Is it though? He only has one side of the story so the (?) is asking for the other side of the story (which they might not be aware of). How do you do it as a CEO?
The larger issue is that Jeff's subordinates will then treat their subordinates in the same way. If this becomes common, it will extend to other behavior or communication. This will result in horrible company culture, where bosses treat their underlings like shit. Do not normalize this type of behavior! That is not good for employee retention, nor employee productivity/morale. It all comes from up top.
I'm no fan of Amazon, but it's the third most valuable company on the planet. Whatever they're doing is obviously working for them, even if I personally wouldn't want to work there.
I remember having an ongoing debate with someone who reported to me about the etiquette of emails.
He held that every subsequent email in a long thread should start with, "Hello [name]," before the first paragraph. I thought that was reasonable for the first email, but when things got to the 3rd or 4th response, it was normal to just write your response, first paragraph starting on the first line.
Most of the company did that. He and I had issues. We never resolved this (I gave in on this, as I was trying to resolve our lack of alignment on many fronts), but I find it completely normal in most of the companies I've worked in since.
Especially since those of us who are emailing each other all day long are doing it over and over again, day after day, and getting the friendly formalities when we see other in real space, or on calls.

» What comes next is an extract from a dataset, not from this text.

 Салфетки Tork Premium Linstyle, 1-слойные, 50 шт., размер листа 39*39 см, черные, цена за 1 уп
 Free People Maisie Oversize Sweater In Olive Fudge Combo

There's a passive aggressiveness to holding out for higher formalities when the cultural context is otherwise totally fine with shorthands that come with working and communicating with some people a lot.
I'd actually prefer to recieve '?' because it allows me to respond with what I consider relevant. As someone unfamiliar with the details of the topic, he's unlikely to know what's relevant, so specific questions are likely to be more of a distraction than anything.
Having actually worked on a handful of "sev-b" tickets I really don't think the "?" is a big deal.
Jeff's email is public and the original correspondence is copied in unchanged.
I'm not even convinced Jeff sent it as I don't think Jeff reads his public email. At a company of size > 100-1000 I don't think the CEO really has the bandwidth to stop and offer insight into the nature of the problem - does "please look into this" or "forwarding" or "cc xyz" or "?" really add much value?
In hindsight they were mildly fun - the forward chain would create a chain of accountability, starting with Jeff to Diego all the way down to an L4 in their 20s to fix a customer problem - each with their neck on the line but without much influence to solve the actual issue at hand.
It really was less an email and an alternative ticketing interface.
Is it though? He only has one side of the story so the (?) is asking for the other side of the story (which they might not be aware of). How do you do it as a CEO?
A single "?" could mean anything from "This looks interesting, could you give me some additional data." to "What the actual *&($ is this? Explain or your entire team is gone." A little more context would be helpful.
Yes, it is. I’m sure Jeff understands exactly how these emails make people feel.
If he’s just innocently asking for the other side of the story, he should put together a complete sentence that demonstrates that, rather than sending a single ambiguous character that he knows could be interpreted as “you fucked up, fix this right now or you’re fired!”
It's a tech company. Maybe they could manage a short URL that explains the long list of rules associated with a "Jeff ?" email. And paste that URL instead of a '?'.
Surely one can comment on an example of communication even if the person it came from should be morally judged only on their great sins? It's inherently valuable to talk about examples of communication, especially from a leadership angle - and so conversely this conversation is not exclusively a judgement of a famous person.
A few years back I realized “Del” was the most valuable key while using my email client. Corporate is full of people looking to create friction as a mean to justify their existence. As we say in my home country, “if you want something you talk to the Circus owner, not to the clowns...”
I've been a CEO and CTO, but usually in <100 employee companies, so as busy as I might've been, I could ask, "What's up with this?"
I think among all his possible sins, at Amazon scale, "?" itself wouldn't rank super high.